**TASK REQUIREMENTS**
Only the lines below between the ones containing "Solvang camping og" and "属猪的男人今年该注意什么今年属猪男人运势大揭秘,属猪的男人今年运气怎么样", inclusive, are to be reproduced, each exactly as it stands.

**SUPPLIED ENTRIES**
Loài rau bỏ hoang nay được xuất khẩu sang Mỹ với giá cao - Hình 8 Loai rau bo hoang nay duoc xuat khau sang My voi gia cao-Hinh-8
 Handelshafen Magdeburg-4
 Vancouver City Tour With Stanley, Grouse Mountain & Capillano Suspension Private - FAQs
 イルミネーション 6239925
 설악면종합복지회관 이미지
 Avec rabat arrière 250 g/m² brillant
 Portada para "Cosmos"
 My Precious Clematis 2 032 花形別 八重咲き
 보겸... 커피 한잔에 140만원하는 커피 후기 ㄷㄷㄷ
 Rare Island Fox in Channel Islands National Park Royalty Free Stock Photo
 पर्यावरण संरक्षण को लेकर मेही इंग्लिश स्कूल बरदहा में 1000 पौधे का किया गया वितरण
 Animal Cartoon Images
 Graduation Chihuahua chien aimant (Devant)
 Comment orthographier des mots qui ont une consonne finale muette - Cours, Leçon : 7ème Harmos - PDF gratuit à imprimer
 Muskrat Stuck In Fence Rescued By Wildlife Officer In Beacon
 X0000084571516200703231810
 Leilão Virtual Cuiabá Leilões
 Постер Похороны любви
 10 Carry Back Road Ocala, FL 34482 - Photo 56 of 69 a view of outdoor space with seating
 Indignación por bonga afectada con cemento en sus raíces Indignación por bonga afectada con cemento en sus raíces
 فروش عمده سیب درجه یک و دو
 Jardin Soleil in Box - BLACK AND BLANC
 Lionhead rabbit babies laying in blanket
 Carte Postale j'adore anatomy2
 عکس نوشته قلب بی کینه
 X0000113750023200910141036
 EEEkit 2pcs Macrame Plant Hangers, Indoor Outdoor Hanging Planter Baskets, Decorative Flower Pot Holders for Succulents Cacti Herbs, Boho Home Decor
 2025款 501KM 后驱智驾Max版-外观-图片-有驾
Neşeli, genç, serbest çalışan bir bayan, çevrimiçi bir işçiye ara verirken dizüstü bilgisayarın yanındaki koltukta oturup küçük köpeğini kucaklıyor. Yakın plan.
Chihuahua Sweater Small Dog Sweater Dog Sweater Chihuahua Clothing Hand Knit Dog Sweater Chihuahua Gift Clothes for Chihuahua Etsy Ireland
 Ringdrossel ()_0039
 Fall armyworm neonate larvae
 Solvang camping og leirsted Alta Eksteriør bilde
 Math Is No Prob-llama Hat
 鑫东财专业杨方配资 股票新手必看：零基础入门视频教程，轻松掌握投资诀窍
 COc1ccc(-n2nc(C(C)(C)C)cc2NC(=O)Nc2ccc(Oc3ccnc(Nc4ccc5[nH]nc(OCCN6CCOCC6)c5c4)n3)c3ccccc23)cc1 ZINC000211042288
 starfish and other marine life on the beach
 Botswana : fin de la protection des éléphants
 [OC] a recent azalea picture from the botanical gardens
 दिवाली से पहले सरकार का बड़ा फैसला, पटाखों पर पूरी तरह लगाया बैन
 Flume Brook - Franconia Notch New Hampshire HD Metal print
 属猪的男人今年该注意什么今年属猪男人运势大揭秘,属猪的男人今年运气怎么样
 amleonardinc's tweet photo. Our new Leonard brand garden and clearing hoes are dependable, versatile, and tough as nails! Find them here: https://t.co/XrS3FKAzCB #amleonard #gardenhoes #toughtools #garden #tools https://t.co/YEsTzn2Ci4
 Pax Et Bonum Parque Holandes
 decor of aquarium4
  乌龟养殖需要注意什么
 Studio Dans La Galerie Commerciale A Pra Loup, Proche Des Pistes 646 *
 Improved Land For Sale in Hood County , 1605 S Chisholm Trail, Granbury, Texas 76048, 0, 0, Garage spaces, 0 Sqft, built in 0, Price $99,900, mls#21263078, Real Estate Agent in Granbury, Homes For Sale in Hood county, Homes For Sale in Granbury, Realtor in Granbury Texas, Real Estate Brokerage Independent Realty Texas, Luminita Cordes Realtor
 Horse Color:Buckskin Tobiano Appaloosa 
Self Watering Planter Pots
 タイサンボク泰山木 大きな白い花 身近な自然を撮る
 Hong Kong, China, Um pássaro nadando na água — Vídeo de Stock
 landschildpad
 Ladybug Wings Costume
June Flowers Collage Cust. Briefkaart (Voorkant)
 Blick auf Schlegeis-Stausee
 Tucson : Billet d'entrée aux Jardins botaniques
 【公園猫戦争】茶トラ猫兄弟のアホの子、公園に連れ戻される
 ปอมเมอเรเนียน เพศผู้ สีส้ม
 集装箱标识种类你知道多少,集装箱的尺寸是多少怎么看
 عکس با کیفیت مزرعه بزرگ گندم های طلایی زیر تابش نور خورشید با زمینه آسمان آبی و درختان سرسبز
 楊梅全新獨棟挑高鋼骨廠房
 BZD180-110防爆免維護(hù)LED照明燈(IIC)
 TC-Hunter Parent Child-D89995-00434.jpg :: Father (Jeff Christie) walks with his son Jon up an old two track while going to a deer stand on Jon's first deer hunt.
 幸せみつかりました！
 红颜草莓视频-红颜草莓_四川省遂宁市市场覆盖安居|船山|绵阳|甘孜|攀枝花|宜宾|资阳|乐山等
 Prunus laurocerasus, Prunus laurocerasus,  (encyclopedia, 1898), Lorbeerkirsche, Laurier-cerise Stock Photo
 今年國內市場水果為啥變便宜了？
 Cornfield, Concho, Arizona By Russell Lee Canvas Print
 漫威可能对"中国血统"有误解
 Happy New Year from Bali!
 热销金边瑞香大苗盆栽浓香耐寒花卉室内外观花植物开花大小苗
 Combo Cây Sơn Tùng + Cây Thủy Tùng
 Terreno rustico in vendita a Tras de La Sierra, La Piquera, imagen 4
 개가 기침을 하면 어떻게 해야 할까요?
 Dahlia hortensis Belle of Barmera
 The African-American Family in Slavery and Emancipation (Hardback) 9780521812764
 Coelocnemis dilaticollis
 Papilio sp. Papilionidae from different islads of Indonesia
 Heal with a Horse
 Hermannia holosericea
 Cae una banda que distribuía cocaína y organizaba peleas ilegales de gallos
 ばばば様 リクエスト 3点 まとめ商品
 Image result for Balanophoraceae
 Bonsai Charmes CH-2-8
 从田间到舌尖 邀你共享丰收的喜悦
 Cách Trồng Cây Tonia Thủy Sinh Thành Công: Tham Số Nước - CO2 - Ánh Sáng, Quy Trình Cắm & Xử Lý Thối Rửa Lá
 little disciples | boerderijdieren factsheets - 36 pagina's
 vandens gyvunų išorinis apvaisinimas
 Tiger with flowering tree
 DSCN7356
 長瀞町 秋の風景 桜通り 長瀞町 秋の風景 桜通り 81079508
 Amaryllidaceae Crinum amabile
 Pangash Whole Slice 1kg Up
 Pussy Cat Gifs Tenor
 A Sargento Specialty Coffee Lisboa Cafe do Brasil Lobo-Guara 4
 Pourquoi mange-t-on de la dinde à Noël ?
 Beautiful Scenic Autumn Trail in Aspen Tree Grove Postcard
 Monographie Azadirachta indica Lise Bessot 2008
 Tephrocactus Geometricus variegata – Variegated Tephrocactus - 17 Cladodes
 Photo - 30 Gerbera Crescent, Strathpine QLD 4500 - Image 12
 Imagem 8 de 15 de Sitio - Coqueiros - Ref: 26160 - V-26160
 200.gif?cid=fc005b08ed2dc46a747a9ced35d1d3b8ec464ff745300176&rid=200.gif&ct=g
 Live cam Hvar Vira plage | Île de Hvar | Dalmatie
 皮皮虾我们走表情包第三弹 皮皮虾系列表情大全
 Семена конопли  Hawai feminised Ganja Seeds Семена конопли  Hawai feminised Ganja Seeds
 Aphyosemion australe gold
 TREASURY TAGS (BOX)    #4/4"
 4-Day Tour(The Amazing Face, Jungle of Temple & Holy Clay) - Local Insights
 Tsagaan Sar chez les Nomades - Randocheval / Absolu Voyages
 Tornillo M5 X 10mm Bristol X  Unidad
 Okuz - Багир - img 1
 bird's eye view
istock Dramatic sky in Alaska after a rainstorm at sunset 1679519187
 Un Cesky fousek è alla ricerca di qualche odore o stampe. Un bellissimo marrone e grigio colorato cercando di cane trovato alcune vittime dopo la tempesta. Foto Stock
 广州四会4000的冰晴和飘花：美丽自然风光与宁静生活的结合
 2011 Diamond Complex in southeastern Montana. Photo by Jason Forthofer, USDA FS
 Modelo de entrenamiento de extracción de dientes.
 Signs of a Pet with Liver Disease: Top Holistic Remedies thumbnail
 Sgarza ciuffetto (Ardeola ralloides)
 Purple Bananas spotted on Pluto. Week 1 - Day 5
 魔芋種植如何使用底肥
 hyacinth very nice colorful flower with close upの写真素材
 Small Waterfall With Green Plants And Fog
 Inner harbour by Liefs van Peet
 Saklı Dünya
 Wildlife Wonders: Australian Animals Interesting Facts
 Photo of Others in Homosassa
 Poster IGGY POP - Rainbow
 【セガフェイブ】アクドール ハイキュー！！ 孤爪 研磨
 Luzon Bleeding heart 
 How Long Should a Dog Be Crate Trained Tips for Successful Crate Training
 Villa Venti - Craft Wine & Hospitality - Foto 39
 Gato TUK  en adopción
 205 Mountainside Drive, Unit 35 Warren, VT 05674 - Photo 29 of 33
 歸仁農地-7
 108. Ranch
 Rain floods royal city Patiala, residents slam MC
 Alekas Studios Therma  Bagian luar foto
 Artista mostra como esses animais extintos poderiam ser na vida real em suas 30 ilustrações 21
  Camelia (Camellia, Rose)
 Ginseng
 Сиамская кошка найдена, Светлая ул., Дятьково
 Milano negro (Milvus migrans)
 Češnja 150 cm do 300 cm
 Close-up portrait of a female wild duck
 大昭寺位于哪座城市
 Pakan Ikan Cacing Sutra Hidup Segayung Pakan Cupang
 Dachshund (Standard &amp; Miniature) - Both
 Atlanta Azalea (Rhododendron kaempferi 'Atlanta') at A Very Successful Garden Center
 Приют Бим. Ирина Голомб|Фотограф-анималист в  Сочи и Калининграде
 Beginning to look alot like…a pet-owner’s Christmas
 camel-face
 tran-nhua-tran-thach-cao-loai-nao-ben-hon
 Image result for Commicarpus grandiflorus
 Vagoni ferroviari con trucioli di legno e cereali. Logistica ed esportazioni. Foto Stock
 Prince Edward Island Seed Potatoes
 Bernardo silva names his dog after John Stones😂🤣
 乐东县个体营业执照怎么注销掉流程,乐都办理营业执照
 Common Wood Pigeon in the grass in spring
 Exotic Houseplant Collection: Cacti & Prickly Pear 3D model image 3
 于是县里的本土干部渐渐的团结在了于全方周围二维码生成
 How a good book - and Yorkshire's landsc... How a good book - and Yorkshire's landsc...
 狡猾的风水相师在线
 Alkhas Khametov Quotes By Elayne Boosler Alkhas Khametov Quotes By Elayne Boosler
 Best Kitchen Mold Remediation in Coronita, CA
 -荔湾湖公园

**SOLUTION FOR THIS PROBLEM**
 Solvang camping og leirsted Alta Eksteriør bilde
 Math Is No Prob-llama Hat
 鑫东财专业杨方配资 股票新手必看：零基础入门视频教程，轻松掌握投资诀窍
 COc1ccc(-n2nc(C(C)(C)C)cc2NC(=O)Nc2ccc(Oc3ccnc(Nc4ccc5[nH]nc(OCCN6CCOCC6)c5c4)n3)c3ccccc23)cc1 ZINC000211042288
 starfish and other marine life on the beach
 Botswana : fin de la protection des éléphants
 [OC] a recent azalea picture from the botanical gardens
 दिवाली से पहले सरकार का बड़ा फैसला, पटाखों पर पूरी तरह लगाया बैन
 Flume Brook - Franconia Notch New Hampshire HD Metal print
 属猪的男人今年该注意什么今年属猪男人运势大揭秘,属猪的男人今年运气怎么样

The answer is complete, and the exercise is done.